Frey's analysis carries profound implications for current policy debates. Rather than framing U.S.-China relations as a straightforward technological race, the monograph suggests both nations face internal institutional challenges that threaten continued innovation. America's rising corporate concentration, lobbying-driven regulatory capture, and declining business dynamism create structural impediments to breakthrough innovation regardless of China's trajectory. Meanwhile, China's surveillance state, Party control over entrepreneurs, internet censorship, and state-owned enterprise inefficiency limit its capacity to achieve frontier innovation despite impressive catch-up growth. The question is not who wins the race but whether either country can implement institutional reforms that enable sustained technological progress.
This work should appeal to multiple audiences. Economic historians will appreciate the synthesis of recent scholarship on development across different regions and periods, from medieval guilds to Silicon Valley venture capital. Policy practitioners gain frameworks for thinking about industrial policy, antitrust enforcement, research funding, and when centralized coordination helps versus hinders innovation. Technology strategists will find the analysis of AI limitations and corporate concentration dynamics directly relevant to current industry debates. General readers interested in economic growth, technological change, or geopolitical competition will discover accessible explanations of complex historical patterns.

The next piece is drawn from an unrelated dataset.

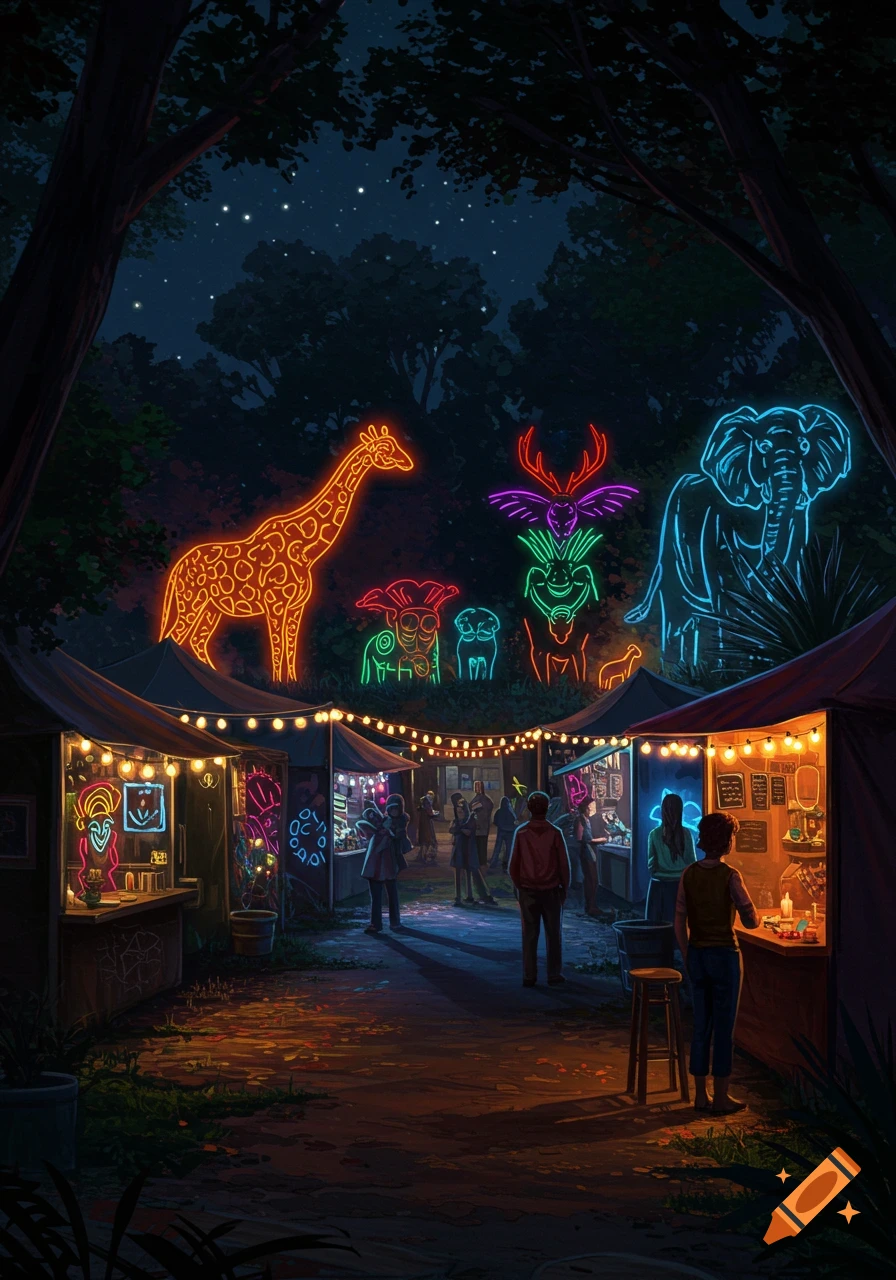 A night market in a forest with vibrant neon animal art displays and people browsing stalls under string lights.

The monograph's distinctive contribution lies in its refusal to embrace simple narratives. Frey avoids both technological determinism and crude institutionalism, instead showing how political structures, cultural factors, and technological characteristics interact dynamically. Geography and culture change too slowly to explain rapid reversals of fortune; institutions matter but their effects depend on technological context. The framework rejects universal solutions while offering analytical tools for understanding why some institutional arrangements prove productive in specific historical moments while becoming obstacles in others. This nuanced approach makes the work intellectually satisfying while remaining practically relevant for thinking about contemporary challenges.
Readers seeking understanding of why economic growth proves so elusive across most of human history, why certain societies achieved breakthrough industrialization, what determines technological leadership's duration, and whether current leaders can maintain their positions will find How Progress Ends essential reading. The monograph doesn't predict the future but equips readers to think clearly about the possibilities, recognizing that progress remains fragile, stagnation threatens constantly, and institutional adaptation determines whether nations sustain innovation or succumb to rent-seeking ossification.